L'éducation importe beaucoup dans la démarche de Spike Lee. En 1977, il découvrait sa vocation en filmant la «richesse de l'expérience afro-américaine», celle qu'il voyait de sa fenêtre à Brooklyn, mais pas à la télé ou au cinéma.

Le travail n'est pas terminé, estime celui qui enseigne aujourd'hui à la New York University.

«À part quelques exceptions comme Denzel (Washington) et Will (Smith), les acteurs noirs sont confinés à des rôles stéréotypés - des comiques ou des voyous. C'est encore pire pour les filles. Faut que ça change.»

D'autres films

Le plus récent film de Spike Lee, Miracle at St. Anna, qui vient de sortir en format DVD, traite de la contribution des Noirs pendant la Deuxième Guerre mondiale. Mais le réalisateur se défend bien d'avoir voulu faire une oeuvre historique.

Le film raconte les mésaventures de quatre soldats d'une division d'infanterie de l'armée entièrement composée d'Afro-Américains, les «Buffalo Soldiers», qui avaient été coincés derrière les lignes allemandes en Italie en 1944 après avoir sauvé la vie d'un garçon terrorisé.

Au-delà de l'anecdote historique, le film se penche sur la vie de ces soldats noirs enrôlés dans une armée qui pratiquait encore la ségrégation - il faudra attendre la guerre de Corée, plus de cinq ans plus tard, pour voir des unités «intégrées».

On avait certes déjà vu des soldats afro-américains dans le film Glory, qui se déroulait pendant la guerrede Sécession, mais bien peu dans des films qui se passent durant la Deuxième Guerre.
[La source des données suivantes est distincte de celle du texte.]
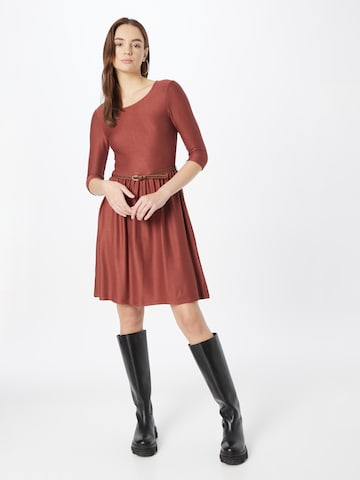 Robe 'Jessie' ABOUT YOU en marron : devant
Miracle at St. Anna n'a pas eu un grand succès au box-office, et même le réalisateur admet que les spectateurs le découvriront davantage en DVD. Certains critiques ont aimé le film, d'autres beaucoup moins. Mais Spike Lee se fend d'un grand sourire lorsqu'il raconte que le film a été très bien accueilli par des vétérans de la 92e division et d'autres soldats afro-américains, anciens ou actuels.

Le réalisateur souhaite revisiter cette période de l'Histoire dans un film tiré du roman Now the Hell Will Start, qui raconte l'histoire d'un soldat noir qui tue son lieutenant avant de s'enfuir dans la jungle birmane. «Nous allons commencer le travail de scénarisation, en espérant obtenir du financement.»